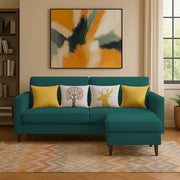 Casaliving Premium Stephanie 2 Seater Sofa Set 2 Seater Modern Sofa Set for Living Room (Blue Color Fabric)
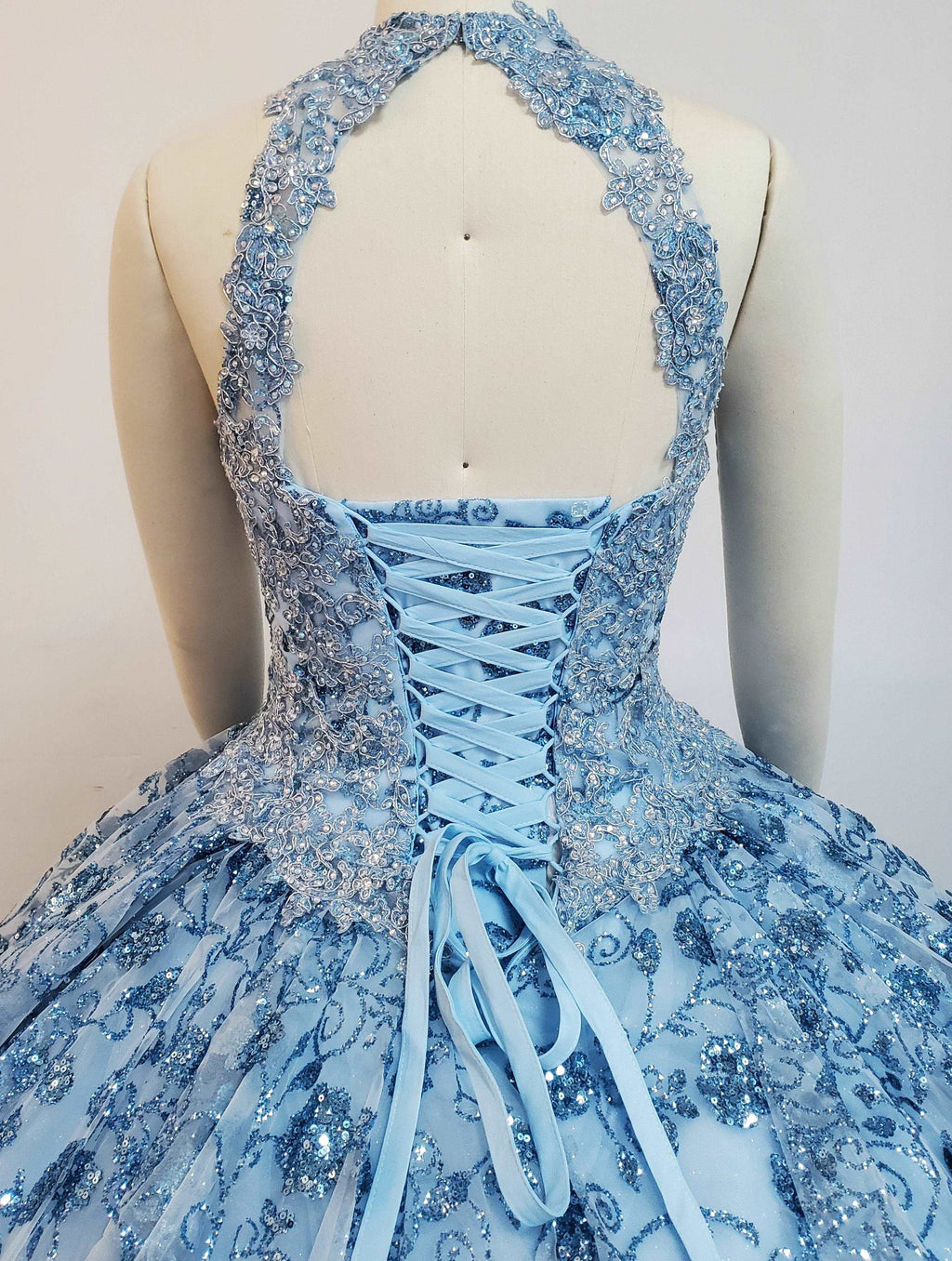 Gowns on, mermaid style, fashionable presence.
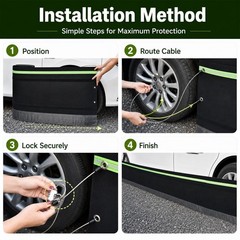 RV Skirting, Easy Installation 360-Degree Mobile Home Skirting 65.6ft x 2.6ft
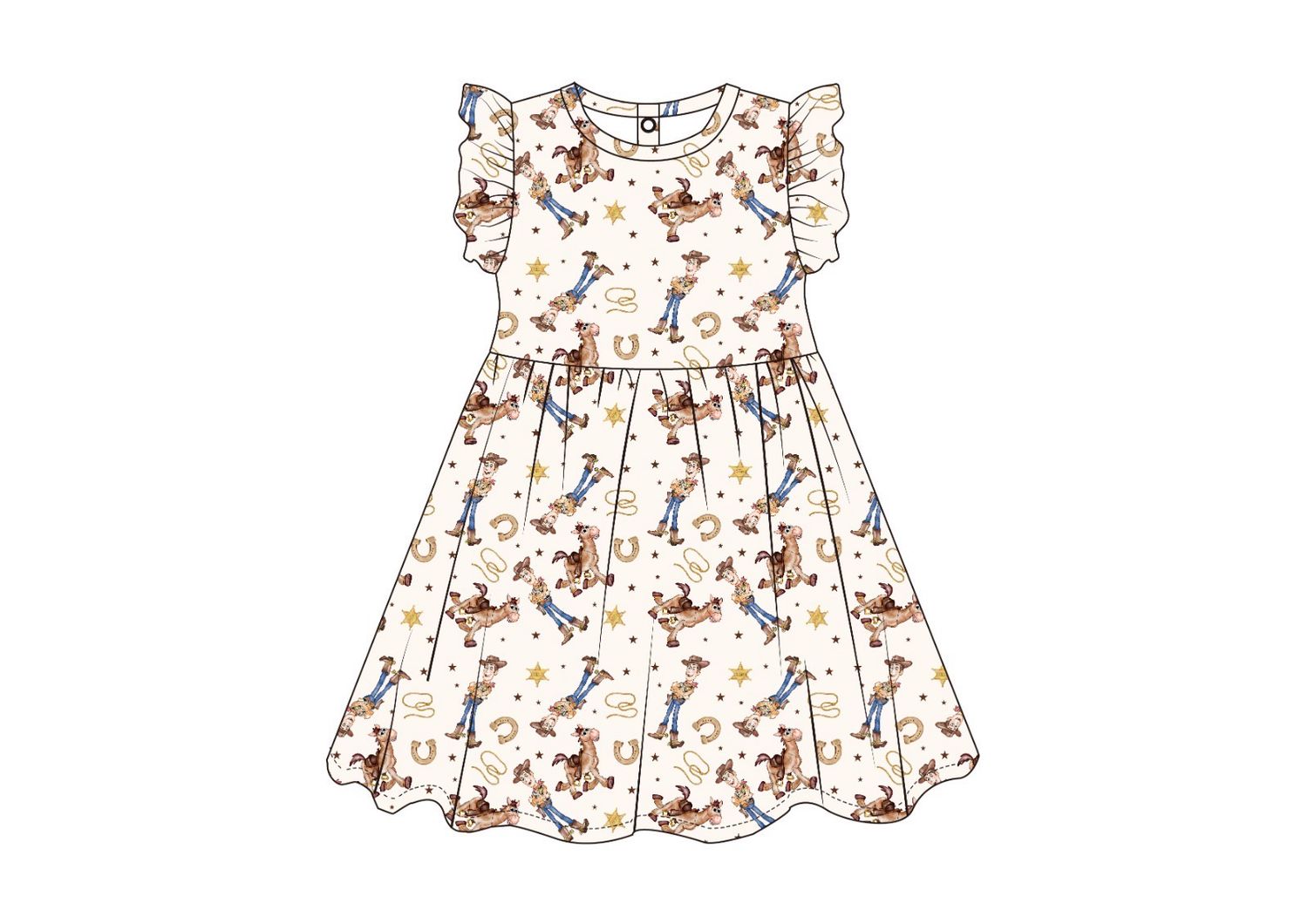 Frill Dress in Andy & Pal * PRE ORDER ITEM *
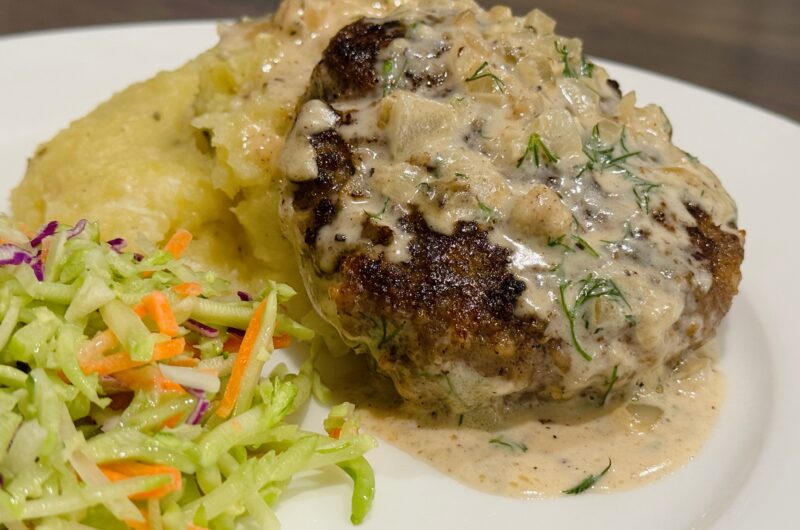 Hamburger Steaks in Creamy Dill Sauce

══════

▸ **EXERCISE**: The expected output is the material above, repeated exactly and free of pictures.

▸ **SOLUTION TO THIS EXERCISE**:
 Casaliving Premium Stephanie 2 Seater Sofa Set 2 Seater Modern Sofa Set for Living Room (Blue Color Fabric)
 Gowns on, mermaid style, fashionable presence.
 RV Skirting, Easy Installation 360-Degree Mobile Home Skirting 65.6ft x 2.6ft
 Frill Dress in Andy & Pal * PRE ORDER ITEM *
 Hamburger Steaks in Creamy Dill Sauce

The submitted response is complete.